# Tailwind vs e-Fuel vs . . . ?



## mhk (Dec 31, 2006)

I've heard lots of good things about Tailwind Nutrition on this forum, and was about to order some to start experimenting with for long training rides before my first 100-miler in July. I guess it takes some dialing-in to get just right, which makes sense. 

Before placing the order, I thought I'd do a quick internet search, and there was a review (more like an ad, really) for e-Fuel, another brand of liquid nutrition that supposedly has more calories, different types of sugar, and electrolytes. 

I'm probably going to order Tailwind anyway, given the amount of praise I've read here, but has anyone tried e-Fuel--or any other type of liquid nutrition--they like better than Tailwind?


----------



## dave54 (Jul 1, 2003)

Tailwind sponsors this forum. What you read is testimonials and anecdotes.

Keep trying different products. The one is best for you may or may not be tailwind.


----------



## mtnbikej (Sep 6, 2001)

I like TW.....I am not sponsored by them....I buy my product just like every other normal user. For me, it works. Rides up to 12-13 hrs on only TW.....no other food. Kept the legs going strong, no hunger.

I have no experience with E-fuel.


----------



## jbell (Oct 2, 2009)

TW is good, but I also like (and mainly usually use) GU Roctane. TW and Roctane are basically the same on calories and carbohydrates, TW has more sodium and potassium which doesn't really matter to me (I would not mind a bit more sodium in Roctane during really hot days, but it is fine as is) , but what sets the Roctane apart for me is the added BCAAs.
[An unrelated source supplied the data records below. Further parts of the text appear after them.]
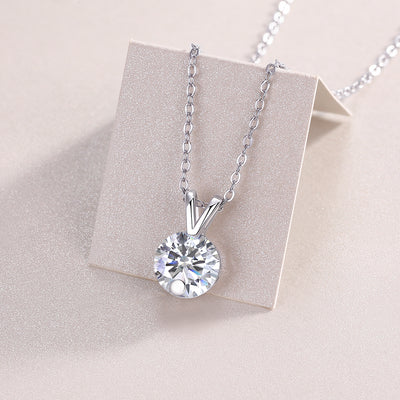 1Diamond Sparkle V - chain Luxury Fashion Diamond Pendant Necklace Set With Mosan Diamond Silver Ornaments Prohibit TikTok sales - 5 - CJ
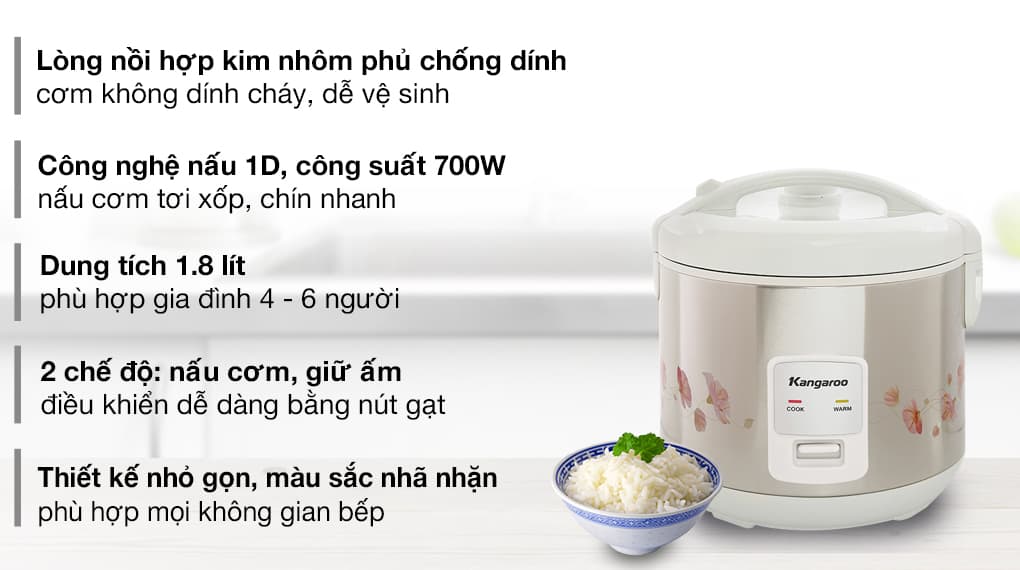 Ảnh Nồi cơm nắp gài Kangaroo 1.8 lít KG18RC3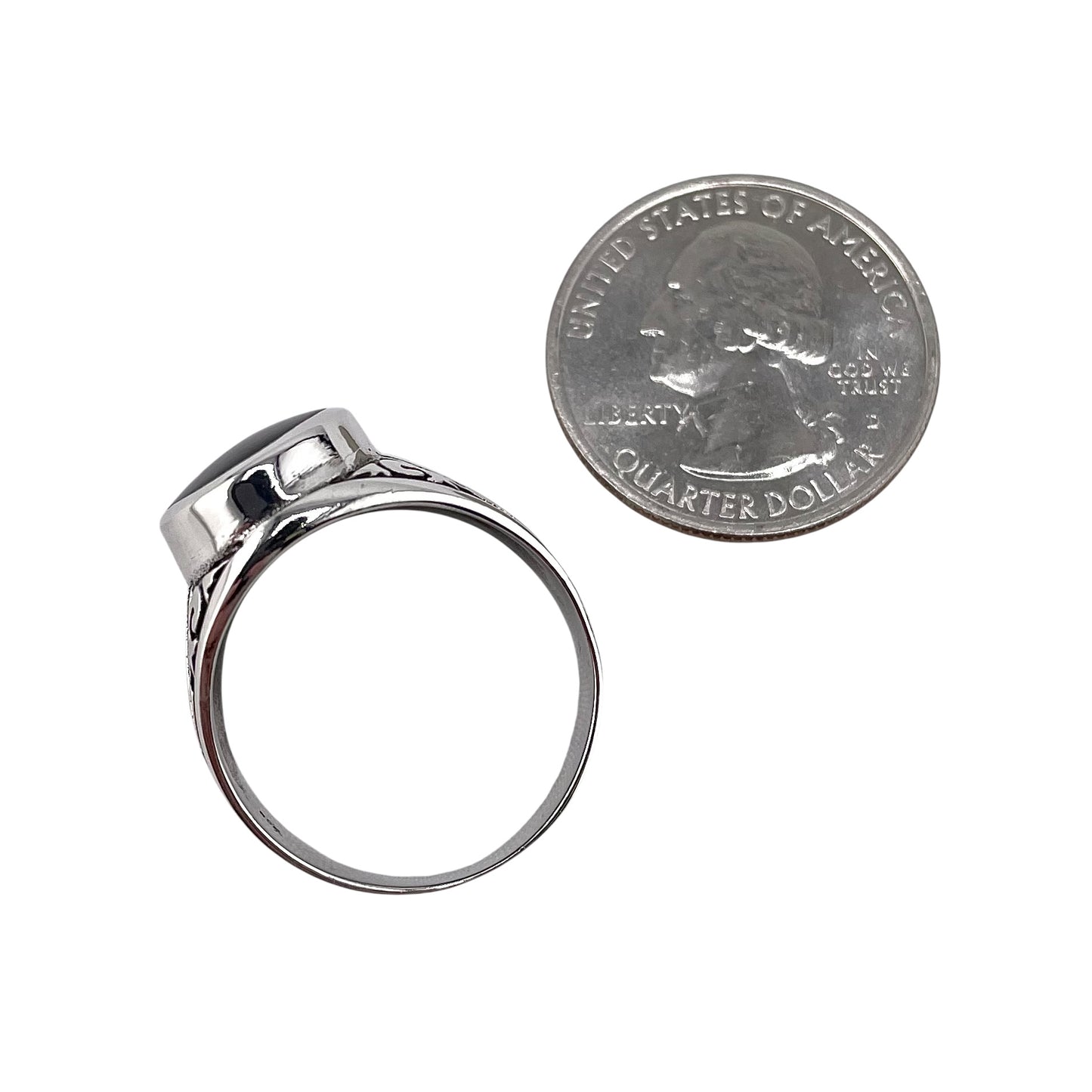 Black Onyx Oval Stone Greek Key Ring Sterling Silver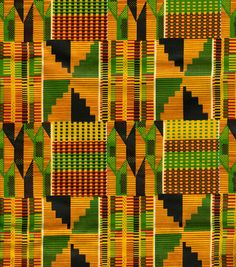 an african print fabric with green, orange and yellow squares on it's sides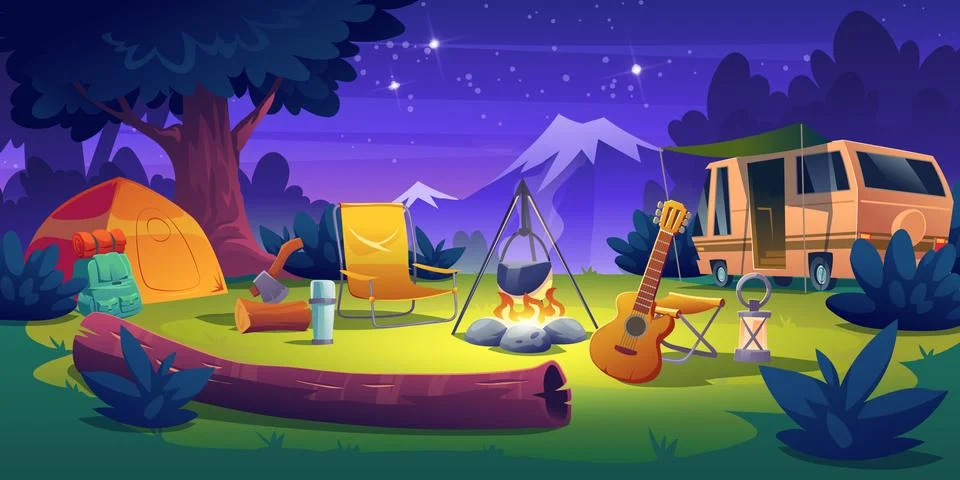 Summer camp at night time. Rv caravan at campfire Stock Illustration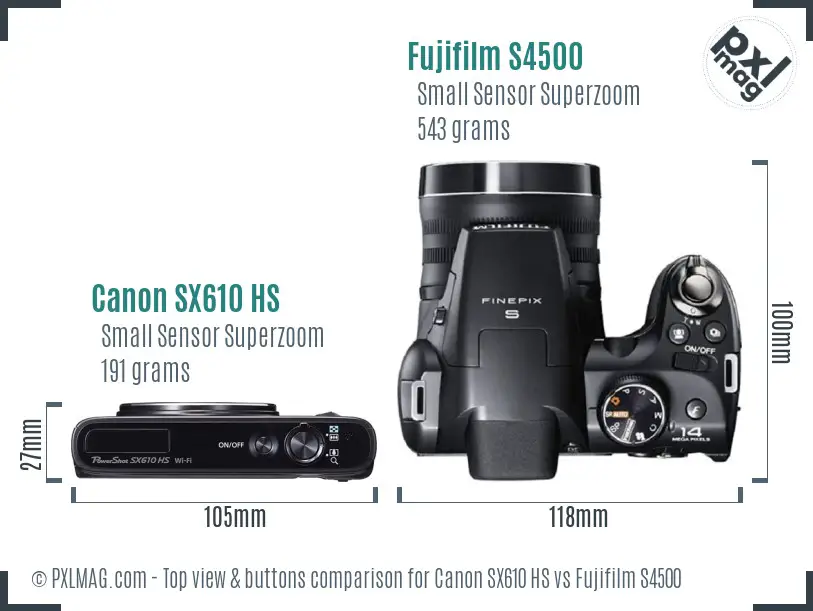 Canon SX610 HS vs Fujifilm S4500 top view buttons comparison Canon SX610 HS vs Fujifilm S4500 top view buttons comparison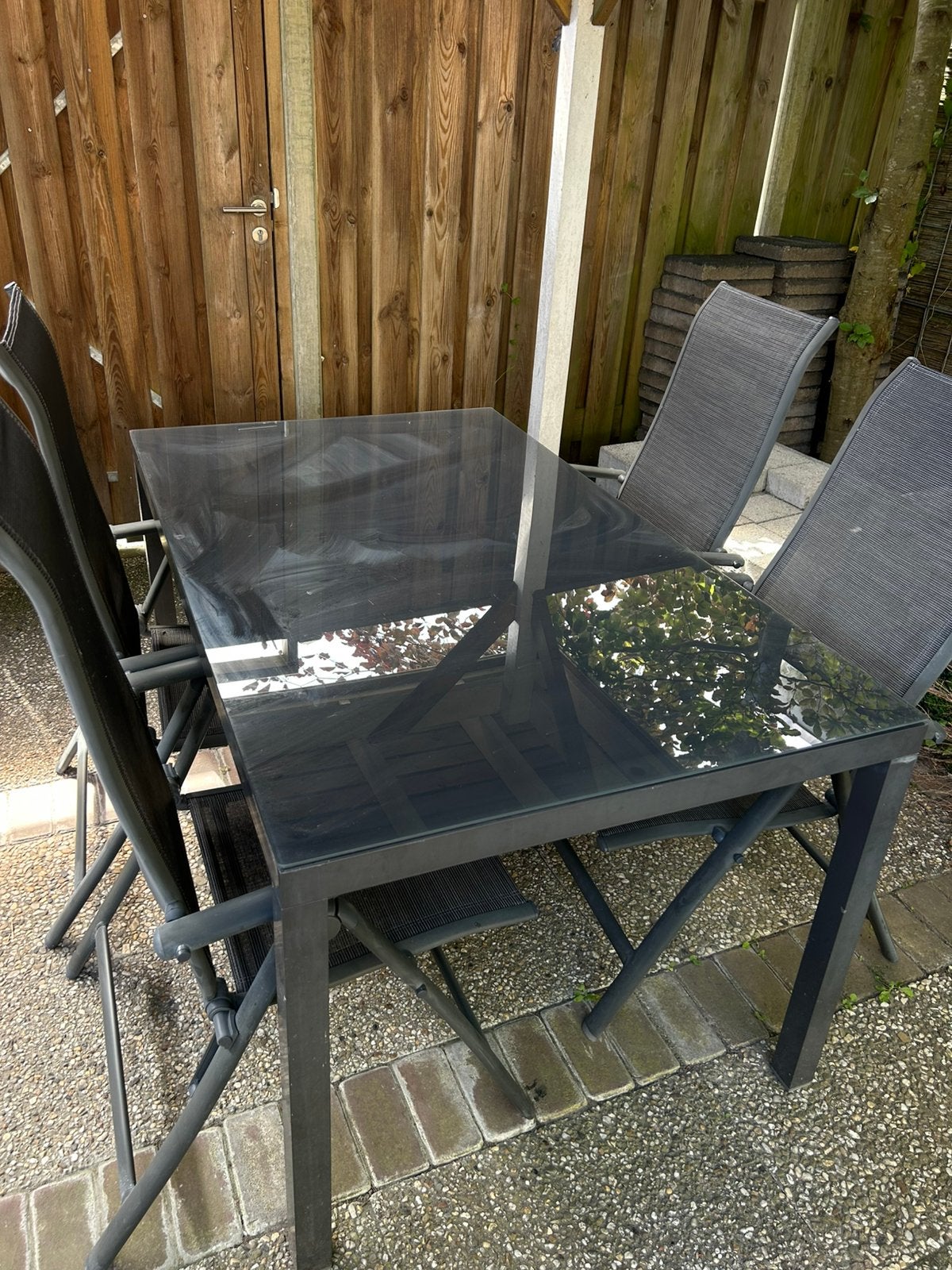 Tuinset met glazen tafel en 4 stoelen, Tuin en Terras, Tuinsets en Loungesets, Ophalen, Gebruikt, Eettafel, Tuinset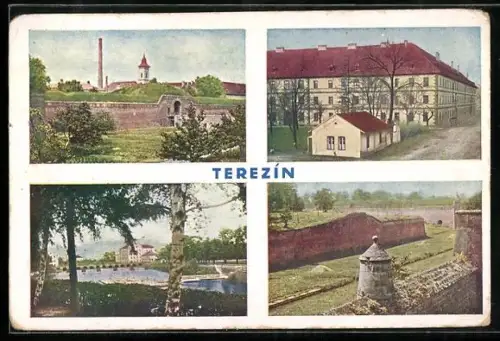 AK Terezín, Verschiedene Stadtpartien und Umgebung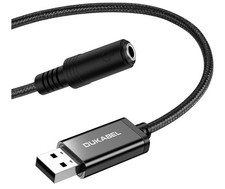 DUKABEL USB headphone adapter external sound card with 4-pin TRRS connector USB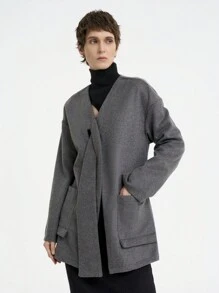 Aalyst Women's Solid Dropped Shoulder Long Sleeve Pocket Loose Casual Jacket, Autumn/Winter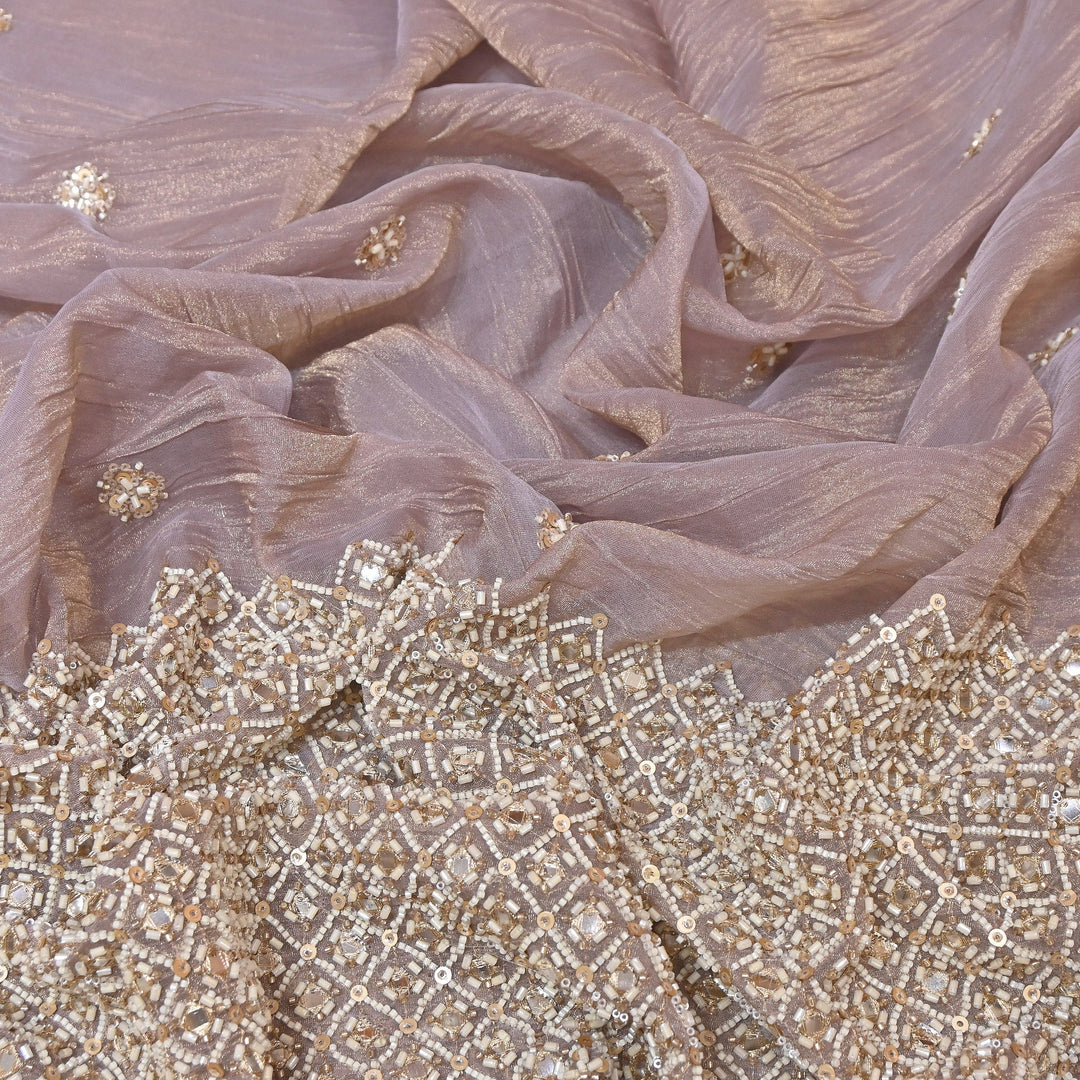Crush Tissue Moti &  Sequins Embroidery Fabric | Elegant Designer Party Wear Fabric | V2750C-03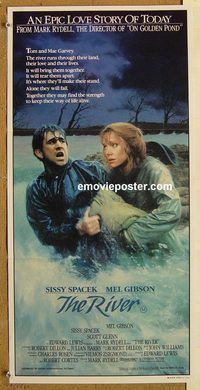 p854 RIVER Australian daybill movie poster '84 Mel Gibson, Sissy Spacek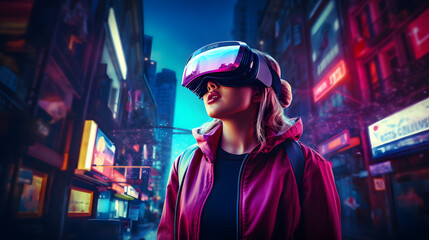 Young woman in glasses of virtual reality
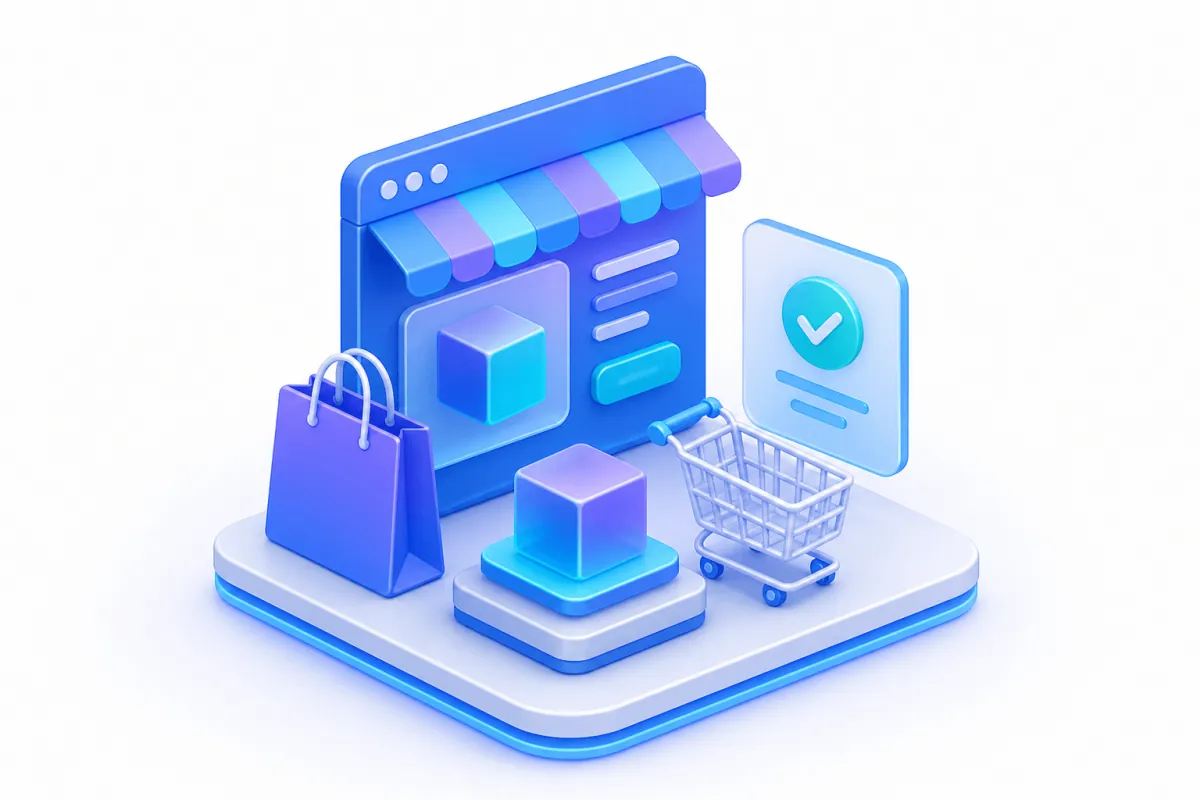 Retail and e-commerce software — a shopping bag with an order card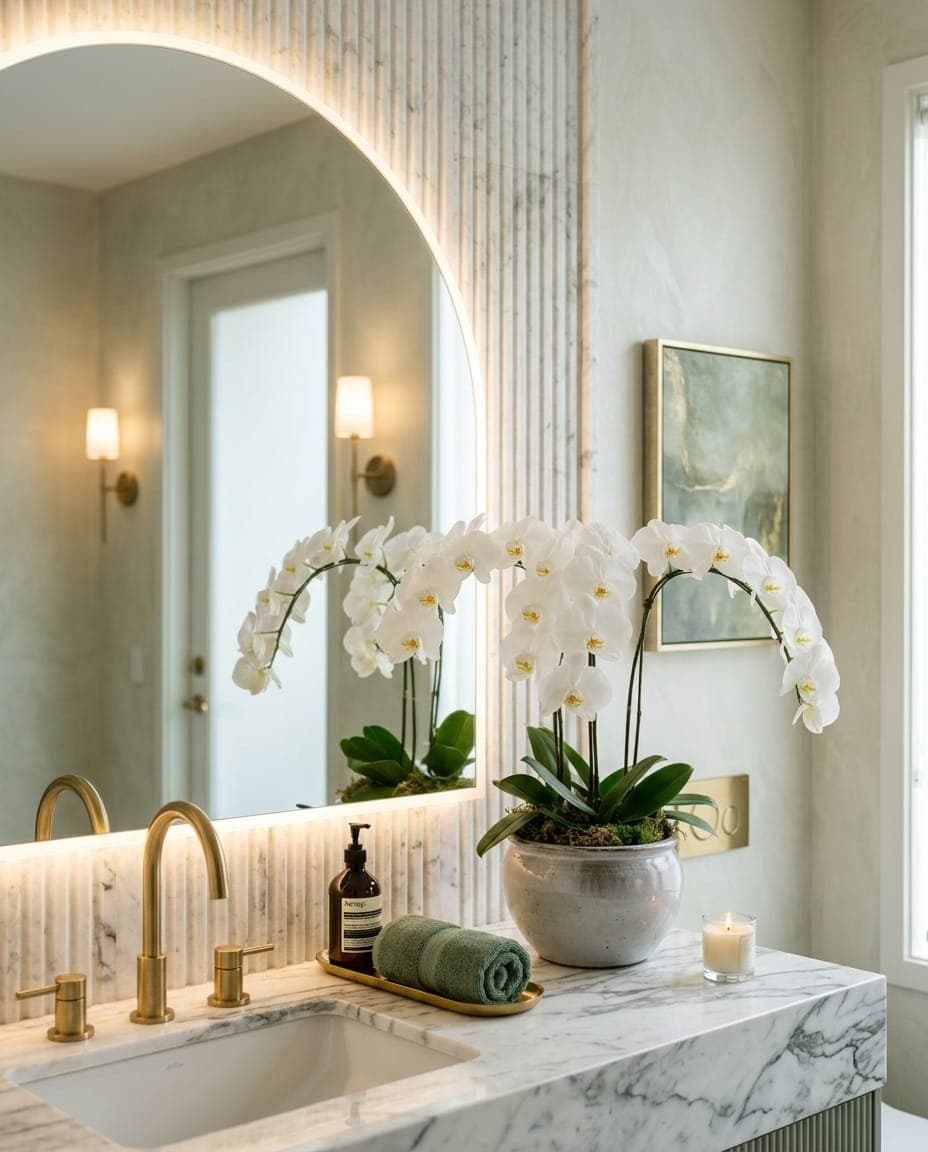 White orchid arrangement on a marble powder-room vanity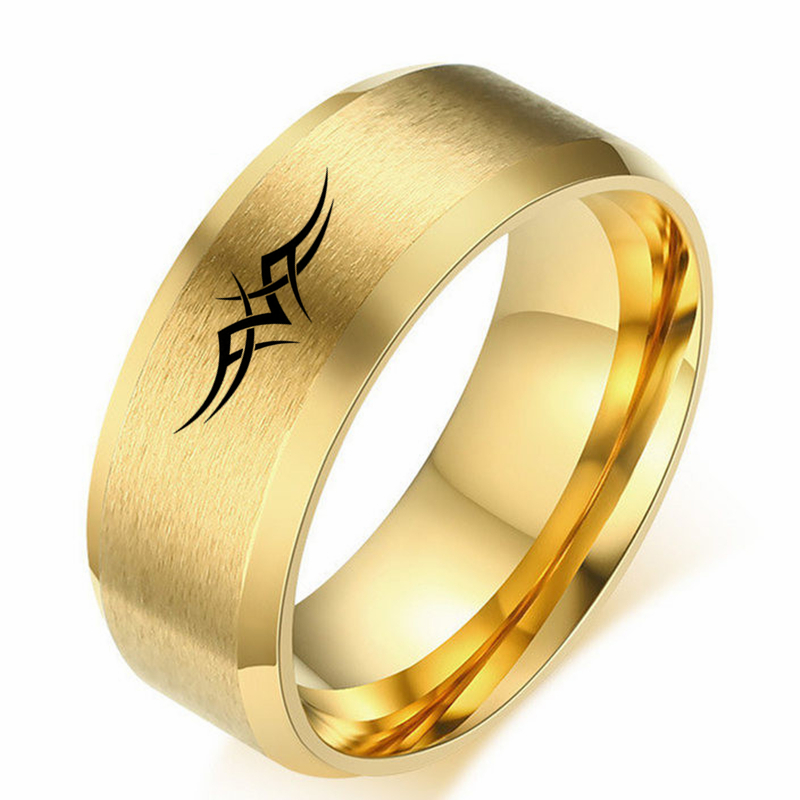 Fashion 8mm Golden Laser Marking Graphic Stainless Steel Ring display picture 2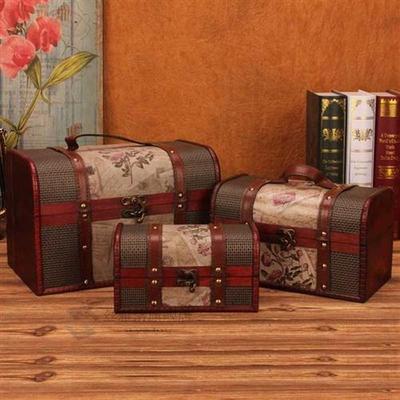 Retro Wooden Treasure Box Makeup Organizer Jewelry Box Stora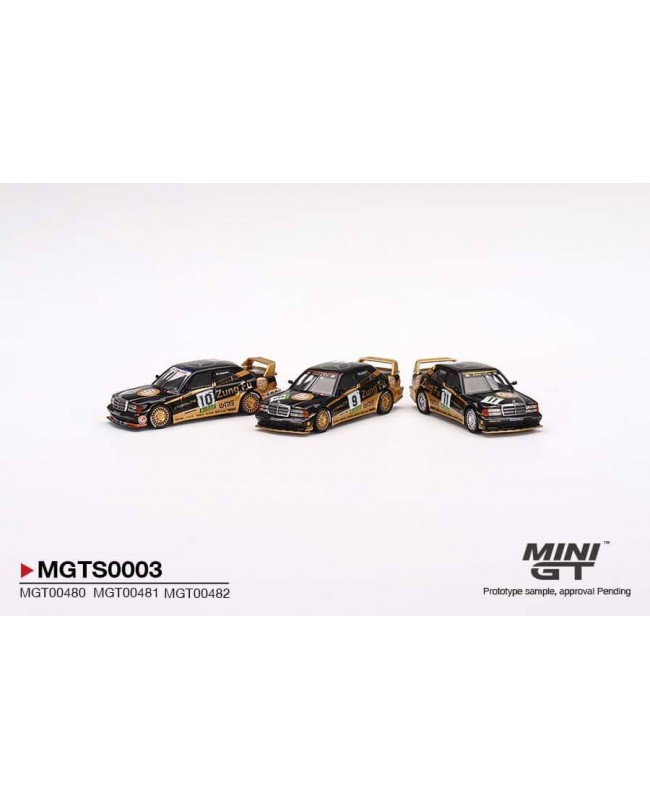 (預訂 Pre-order) MINI GT 1/64 Mercedes-Benz 190E 2.5-16 Evolution II 1991 Macau Guia Race of Macau AMG/Zung Fu 3 Cars Set Limited Edition 3000 - HK Exclusive (MGTS0003) (Diecast car model)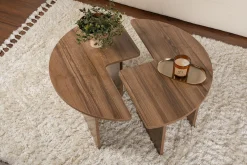 Emob Couchtisch-Set Moira - Ø90x41cm - 2 Tische - Walnuss-Dekor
I feel that really helps in the 50 mile or longer events and speeds up recovery (especially important if you are doing a stage race or have a busy race season).


----------



## eri (Sep 4, 2012)

I love tailwind and had a few 6-9 hour rides where it was all I ate. One problem I've had with it is on cooler rides I don't drink as much as I expect and don't meet my calorie needs.

Is a good idea to have some other solid food available so you can sustain the calories.

I used to carry clif bars which are hard to chew and big pieces can live in my throat for a while. Now I seem to be doing better with a big bag of haribos. Got that idea from the velonews fasttalk podcast...


----------